TPM is a course of lean manufacturing, which means it focuses on pinpointing and eliminating waste. The six big losses are so named because they represent the entire scope of waste within a maintenance approach and help qualify the approach required to address TPM.
Identifying the 6 big losses
The six big losses are distinct problems with distinct outcomes — all of them attributing to waste. They’re characterized by the type of loss they generate, as well as how they impact overall equipment effectiveness (OEE): specifically affecting availability, performance, and quality. Here are the six big losses:
1. Unplanned stops — This includes any unplanned breakdown.

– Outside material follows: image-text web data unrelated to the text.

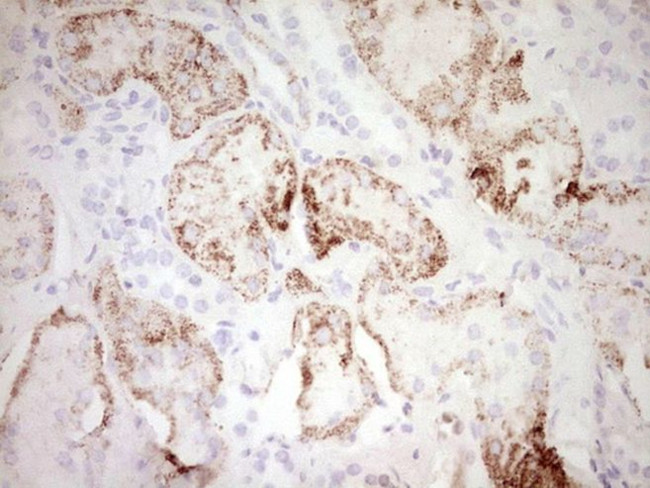 FOS Antibody in Immunohistochemistry (Paraffin) (IHC (P))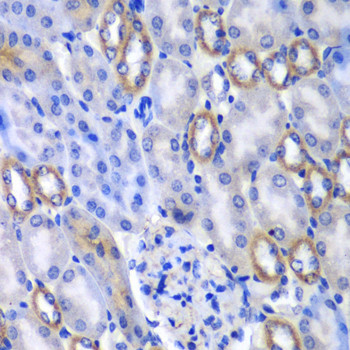 MATK Antibody in Immunohistochemistry (Paraffin) (IHC (P))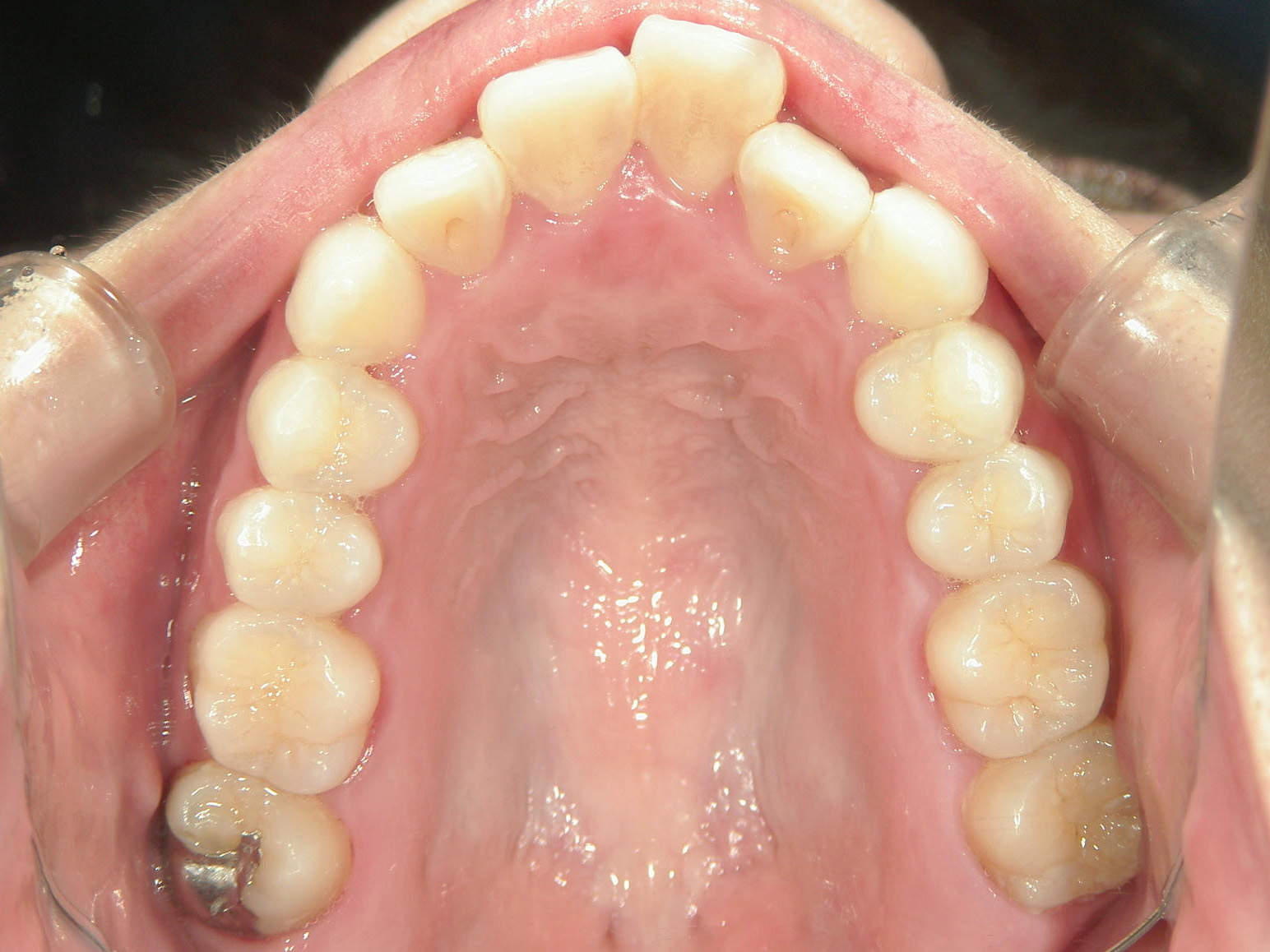 プチワイヤー矯正　症例（60）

It’s caused by anything from equipment overheating, to component failure, to tooling failures, and more. Unplanned stops directly impact machine availability, hampering total production.

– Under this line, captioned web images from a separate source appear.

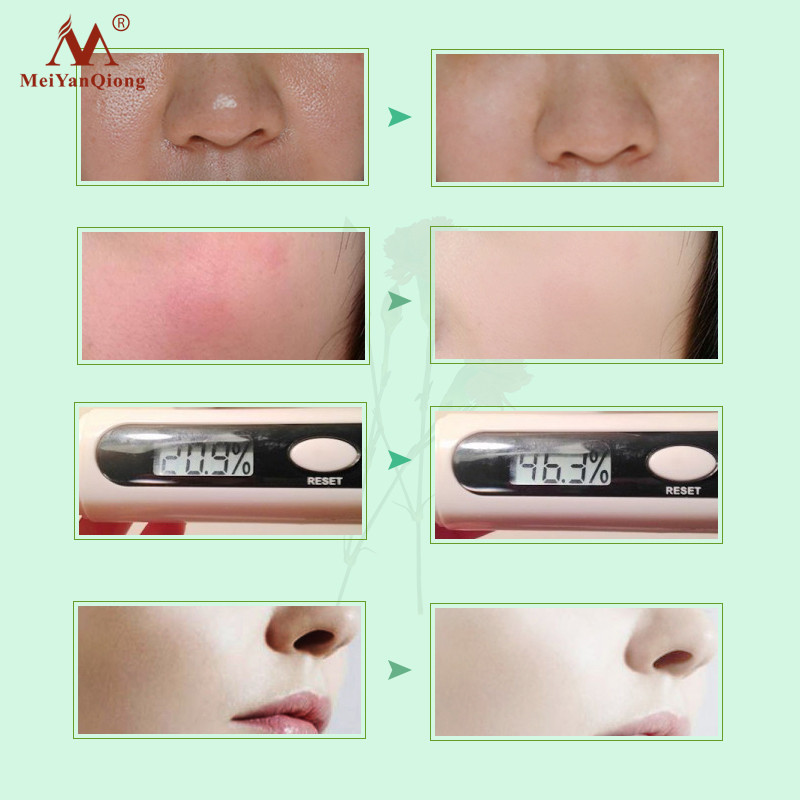 MeiYanQiong Shea Butter Collagen Moisturizing Face Toners Skin Care Moisturizing Whitening Acne Treatment Face Care Skin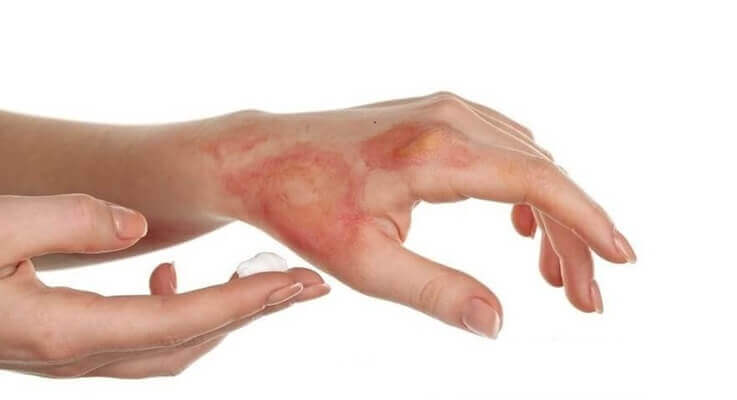 Bőrregeneráló krém kenderolajjal – irritált bőrre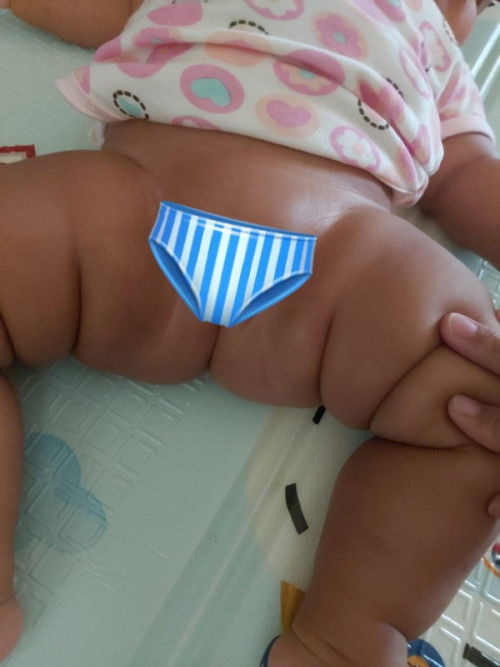 Pantat selangkangan menghitam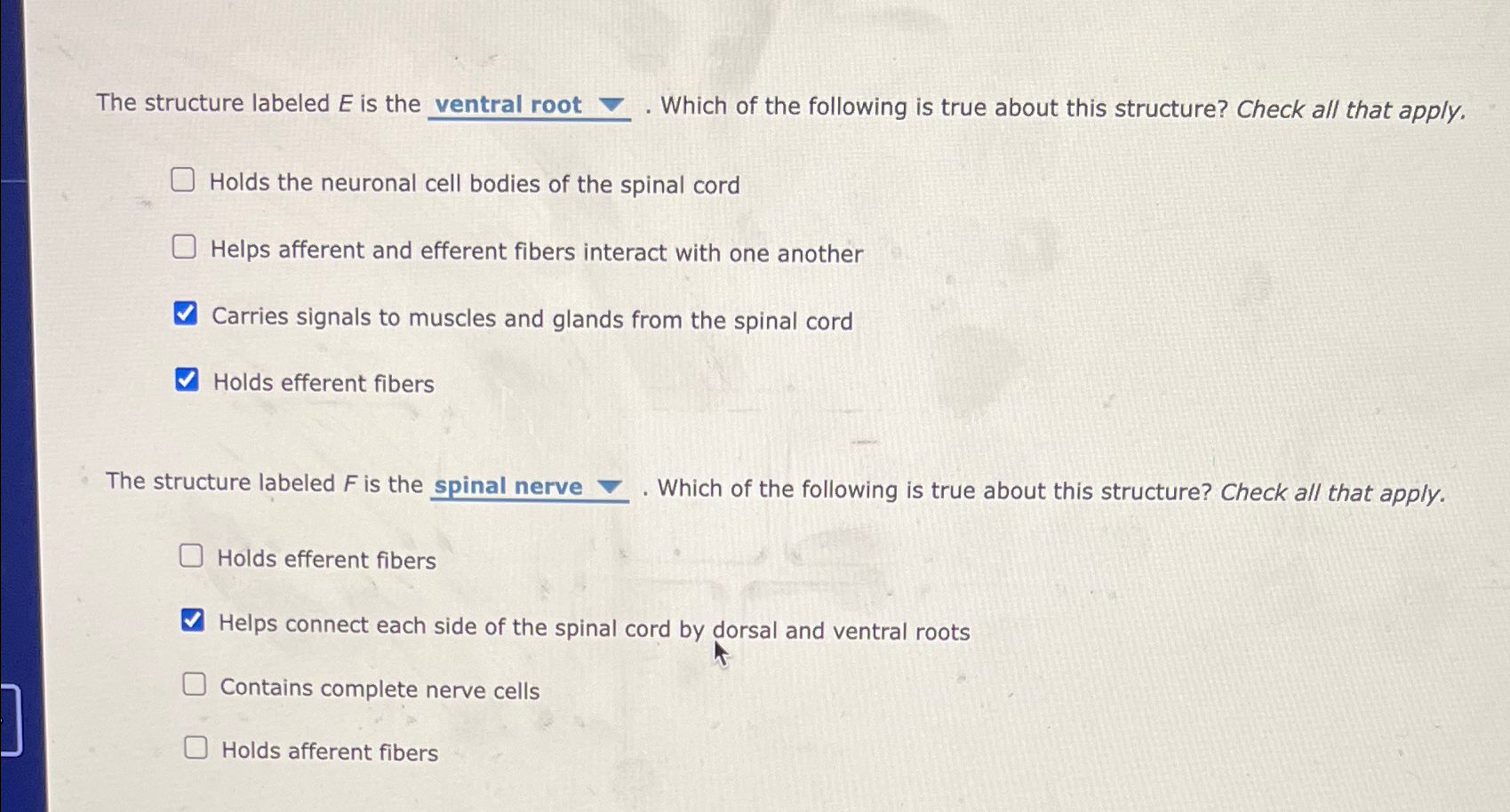  The structure labeled E is the ventral root grad. Which of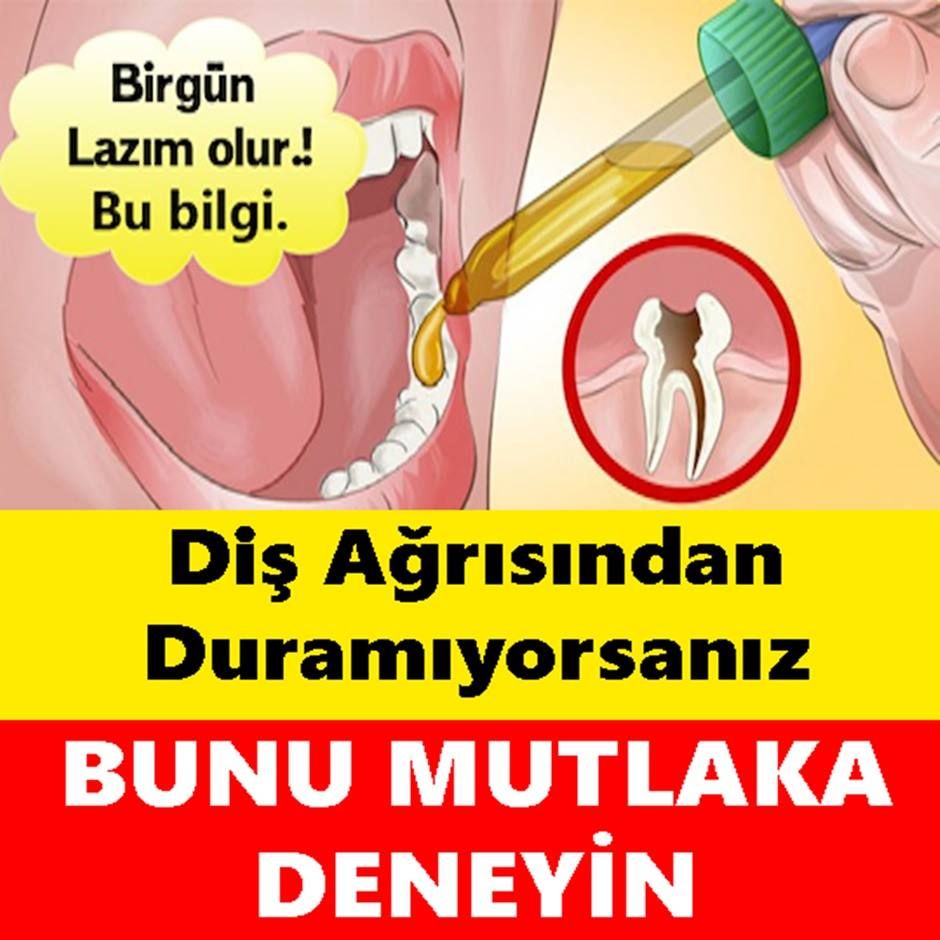 Diş Ağrısından Duramıyorsanız Bunu Mutlaka Deneyin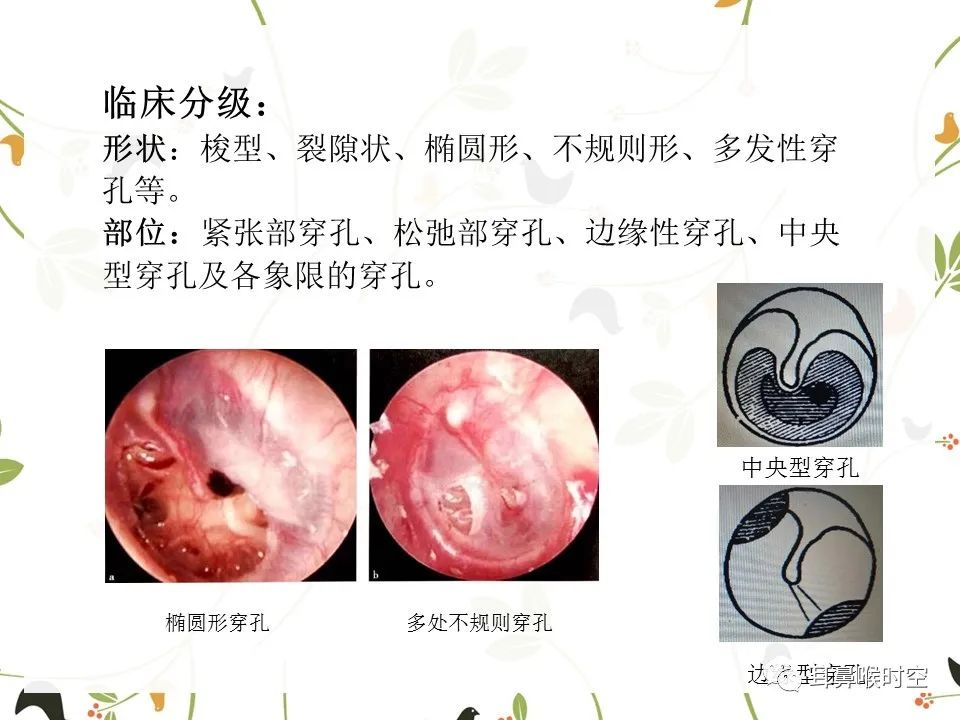 鼓膜可见穿孔,鼓膜穿孔听力下降能恢复吗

2. Setups and calibration — These issues occur during planned changeovers or adjustments and are the result of maintenance inaccuracies. Again, machine availability suffers, because equipment isn’t operating at its fullest capacity.
3. Small stops — This category includes jams, misfeeds, blockages, venting issues, and anything else that impacts productivity. Small stops are a performance issue and can be among the easiest waste issues to fix.
4. Slow running — Equipment wear and alignment problems are two examples of slow running issues. This is another form of performance loss and can bleed over into other issues, such as production defects or reduced yield.
5. Production defects — Any time a finished product falls short of expectations, it’s a defect. Defects are often scrapped, representing twofold waste: the scrap and the time used to make it. This is the most significant form of quality loss.
6. Reduced yield — Another form of quality loss, machine inefficiency leading to stunted production represents the reduced yield category of waste. Machines require maintenance to resume operation at full capacity.
While the six big losses can overlap and act as catalysts for one another, each requires distinct attention to remediate. Within a TPM program, maintenance techs should have different approaches and resources to address each form of loss.
The goal of any TPM program is to improve OEE, which first means addressing the six big losses. Targeting availability, performance, and quality issues has a direct impact on OEE, raising the availability, reliability, and efficiency of equipment.
Within your TPM program, isolate issues and categorize them within the six big losses. From there, choose the maintenance approach that best addresses each issue — breakdown maintenance for unplanned stops, preventive maintenance for small stops, or corrective maintenance for defects and yield issues. Methodically working backward from each of the six big losses leads to a direct improvement in OEE.